Certains agriculteurs vont même plus loin et font le choix de techniques d’épandage minimisant l’impact du chantier sur le sol et sur la culture en optant pour de l’épandage sans tonne.. C’est le cas de Nicolas Denieul “Il n’y a pas de tonnes à lisier qui vont dans les champs parce que c’est le premier compactage qu’on peut limiter”. Nicolas pratique l’épandage sans tonne depuis plus de 15 ans et est pleinement convaincu par la technique. Et en effet ça marche ! L’ensemble d’épandage équipé de télégonflage ne marque pas la parcelle malgré des conditions légèrement humides. Il faut dire que Nicolas est un adepte de l’ACS et du semis direct ce qui facilite grandement le passage du matériel dans le champ. L’ACS est une bonne solution si on souhaite se lancer dans l’épandage d’effluents organiques sur céréales tout en minimisant au maximum l’impact du chantier d’épandage sur la culture en place.
L’épandage via automoteur
Il existe également d’autres techniques d’épandage comme l’épandage via un automoteur. Ces outils permettent surtout de maximiser le débit de chantier, en effet, l’automoteur est souvent ravitaillé au champ, le gain de temps est donc non négligeable. Ces engins fonctionnent souvent en “crabe” mais leur impact au sol est tout de même important notamment à cause de leur poids important.
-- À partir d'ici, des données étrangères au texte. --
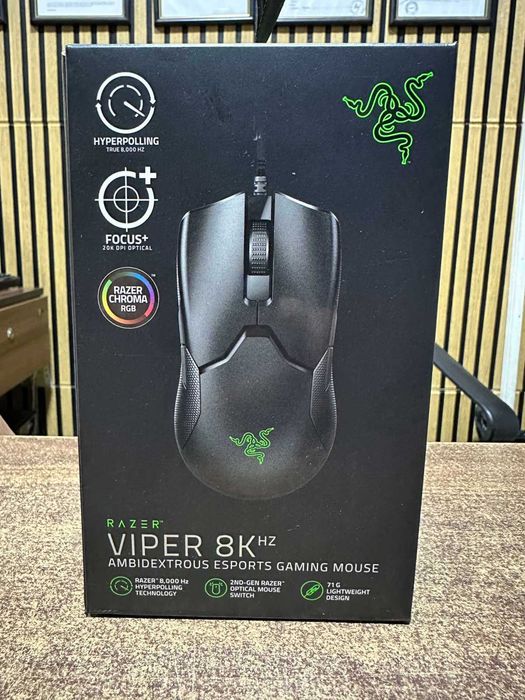 Razer Viper 8KHz – Геймърска мишка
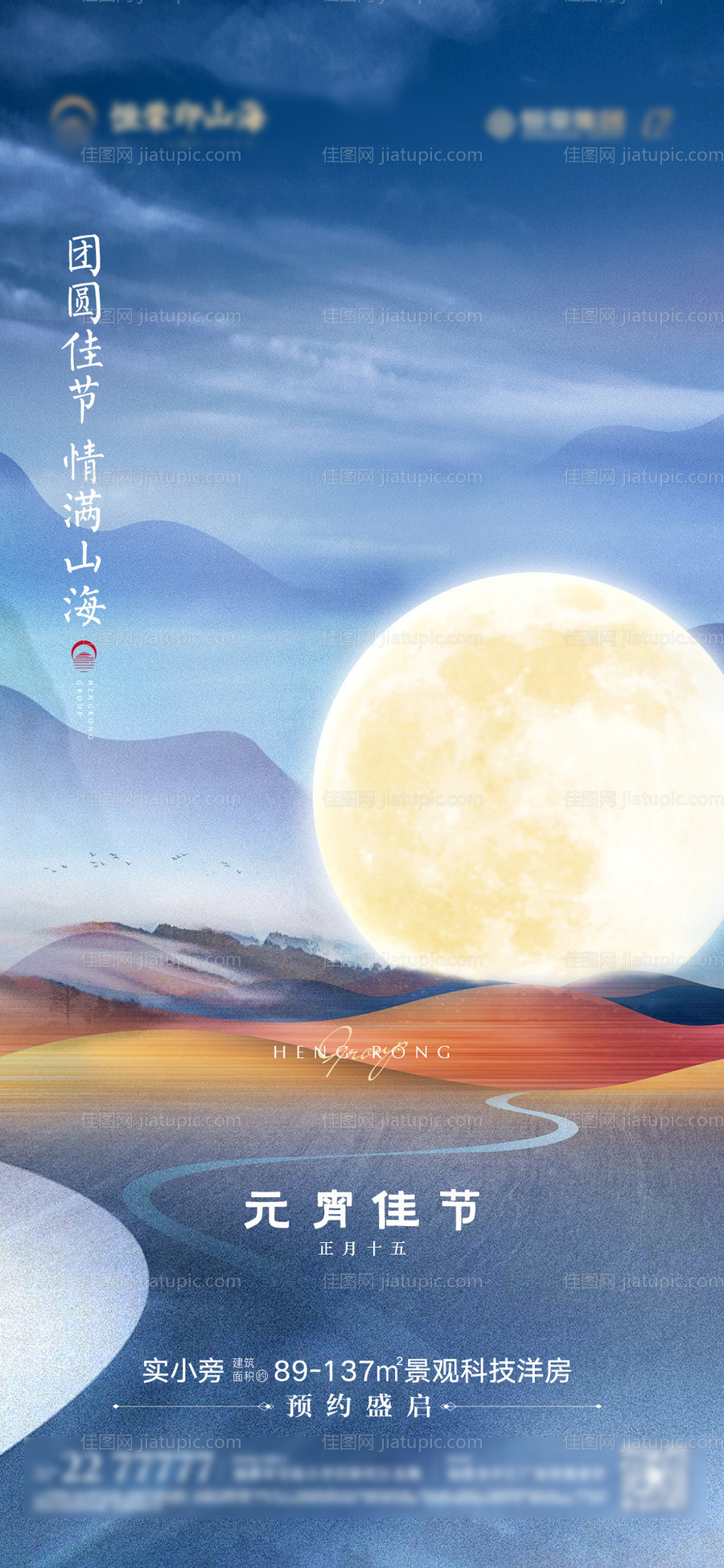 地产元宵节海报-源文件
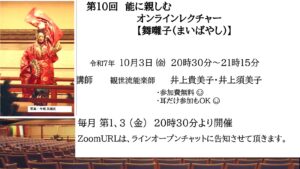 第10回能に親しむオンラインレクチャー 「舞囃子（まいばやし）」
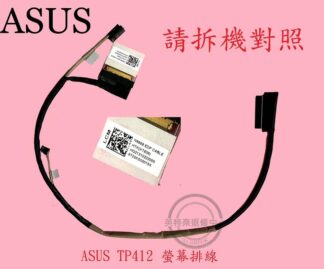 ASUS華碩 TP412U TP412UA HQ21310222000 N8668 EDP 螢幕 面板 排線TP412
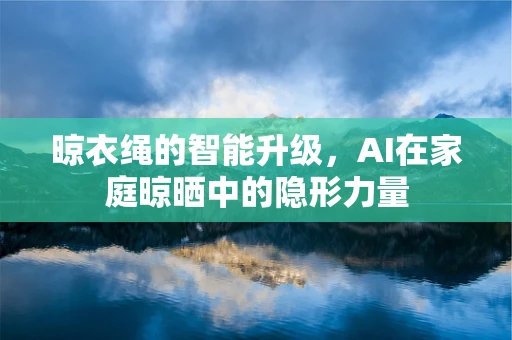 晾衣绳的智能升级，AI在家庭晾晒中的隐形力量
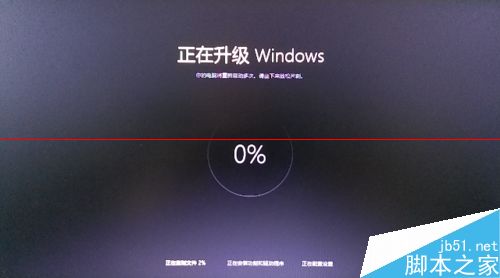 Windows10内部预览版怎么升级到10240专业版？5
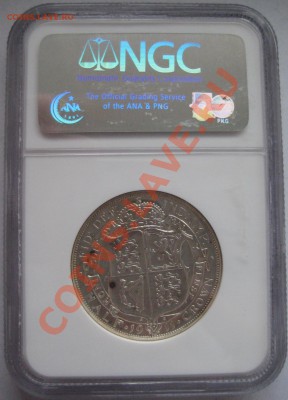 рубли 1893,1901,1898,1848, полкроны 1911 пруф - IMG_5999.JPG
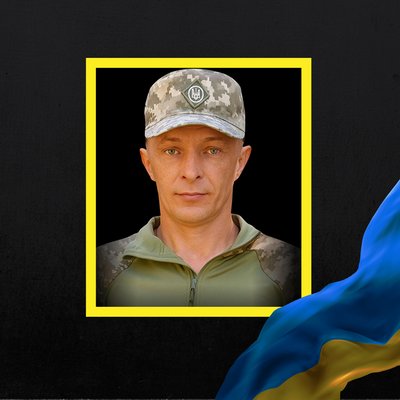Стало відомо про смерть чотирнадцяти військових з Рівненщини Стало відомо про смерть чотирнадцяти військових з Рівненщини
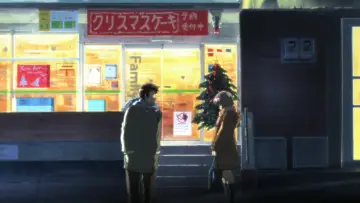 Zasłona do filmu "Suzumiya Haruhi no Shoushitsu" #1209877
Épandre ses effluents sur céréales c’est pointu mais ça a beaucoup d’avantages. Économie d’engrais minéral, gestion des effluents facilitée, calendrier d’épandage plus facile à gérer… De plus, si l’apport est régulier, le lisier a une effet bénéfique pour la vie du sol à long terme (contrairement à de l’engrais minéral) et permet de maintenir le taux de matière organique. L’apport régulier permet même en grande partie de se passer d’apporter de la potasse et du phosphore en minéral.
Ce travail a été réalisé dans le cadre du projet Val’Or qui a pour objectif principal de favoriser la valorisation des engrais de ferme en les intégrant au mieux dans les itinéraires techniques et d’optimiser au mieux les chantiers d’épandage de lisier. Dans le cadre du projet Val’or plusieurs suivis de chantier ont été réalisés et ont permis de récupérer les retours d’expérience de différents agriculteurs pratiquant déjà l’épandage de lisier sur céréales.